BEGIN
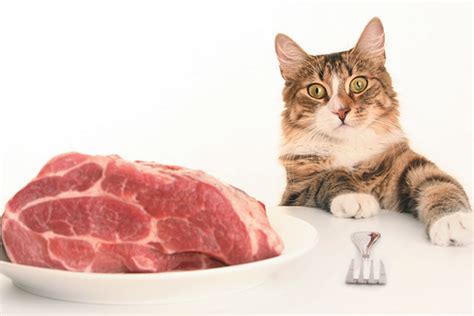 What Kind Of Raw Meat Can A Cat Eat Petschoolclassroom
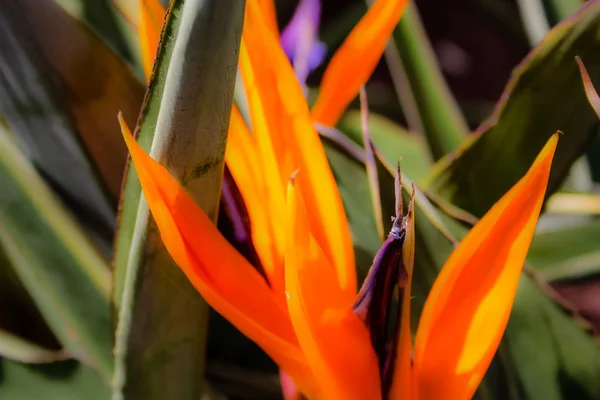 イスラエルのエルサレムから色とりどりの花のクローズ アップ — ストック写真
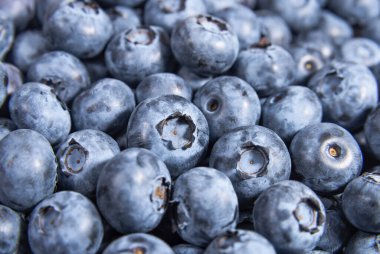 Blueberries close up as a background. Berries and fruits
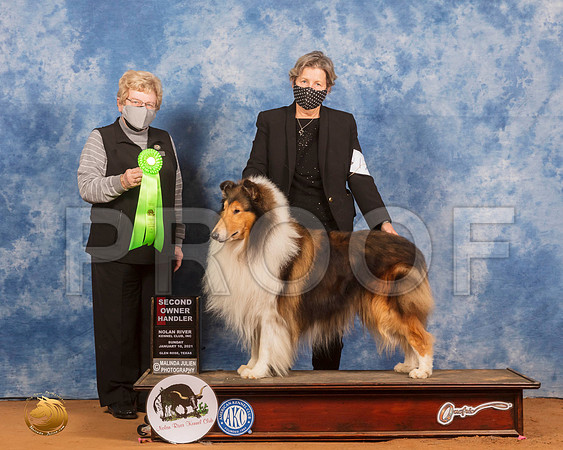 Collie Rough #17 Sun OHG2 Judge Judith Brown_SR_8536_GlnRs21_HR3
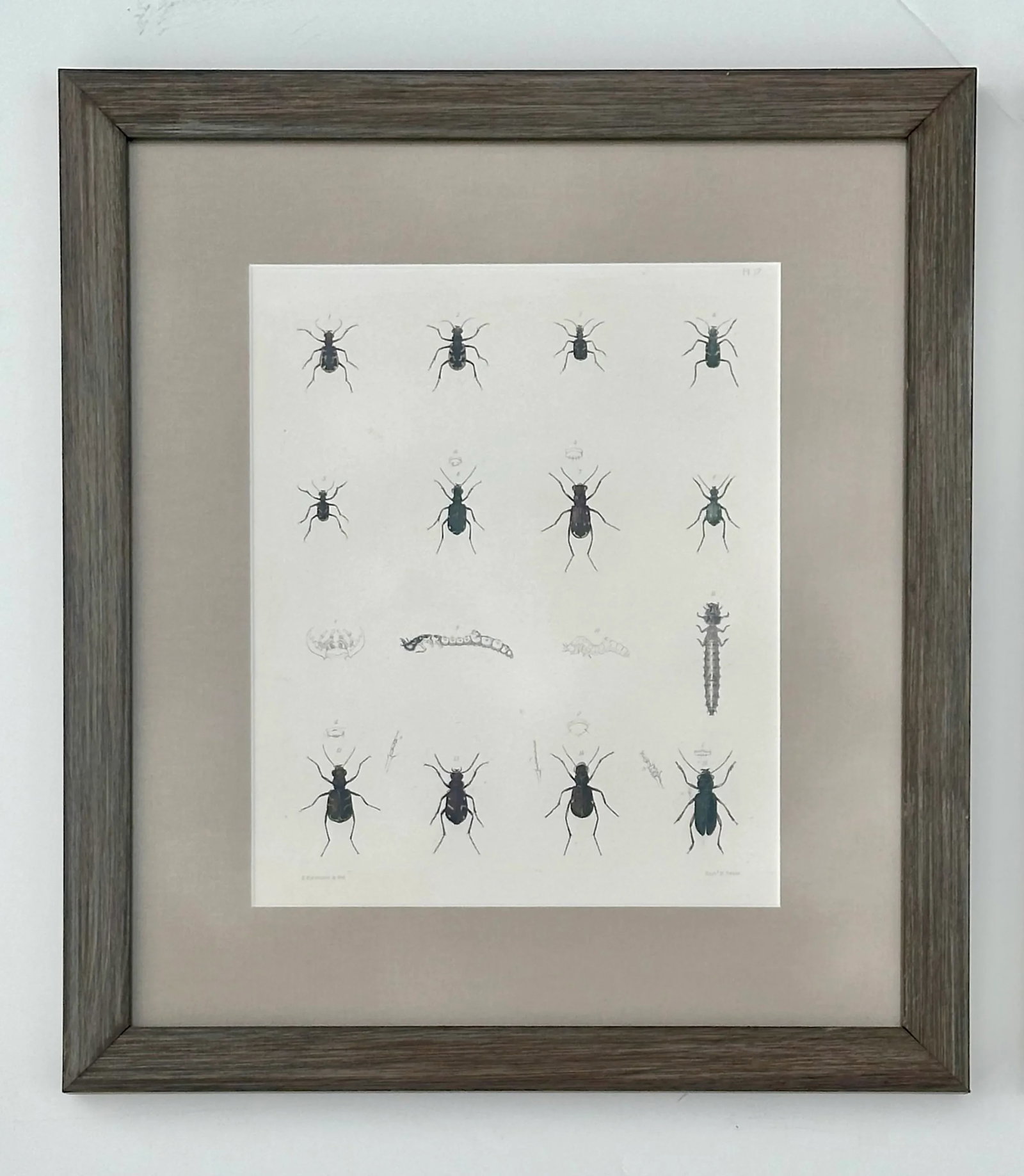 Set of 2 Insect Original Prints, 1852, Custom Framed - 2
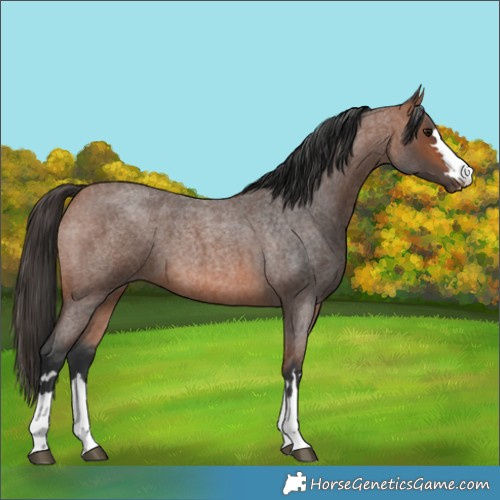 Horse Color:Bay Roan 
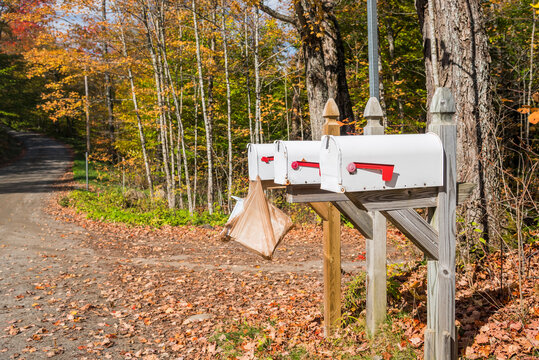 Row of mailboxes along an unpaved forest road in the countryside on a sunny autumn morning. Beautiful autumn colours.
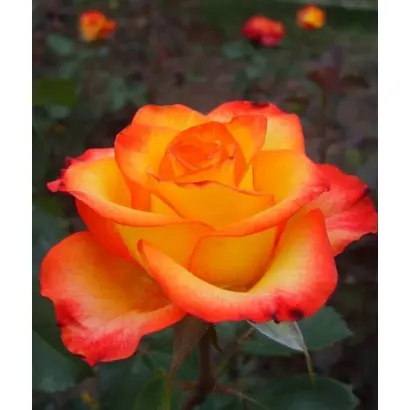 Schirus / Cхірюс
END
To do:
Repeat the listing in full and exactly. Leave any pictures out.

Response box:
 What Kind Of Raw Meat Can A Cat Eat Petschoolclassroom
 イスラエルのエルサレムから色とりどりの花のクローズ アップ — ストック写真
 Blueberries close up as a background. Berries and fruits
 Collie Rough #17 Sun OHG2 Judge Judith Brown_SR_8536_GlnRs21_HR3
 Set of 2 Insect Original Prints, 1852, Custom Framed - 2
 Horse Color:Bay Roan 
 Row of mailboxes along an unpaved forest road in the countryside on a sunny autumn morning. Beautiful autumn colours.
 Schirus / Cхірюс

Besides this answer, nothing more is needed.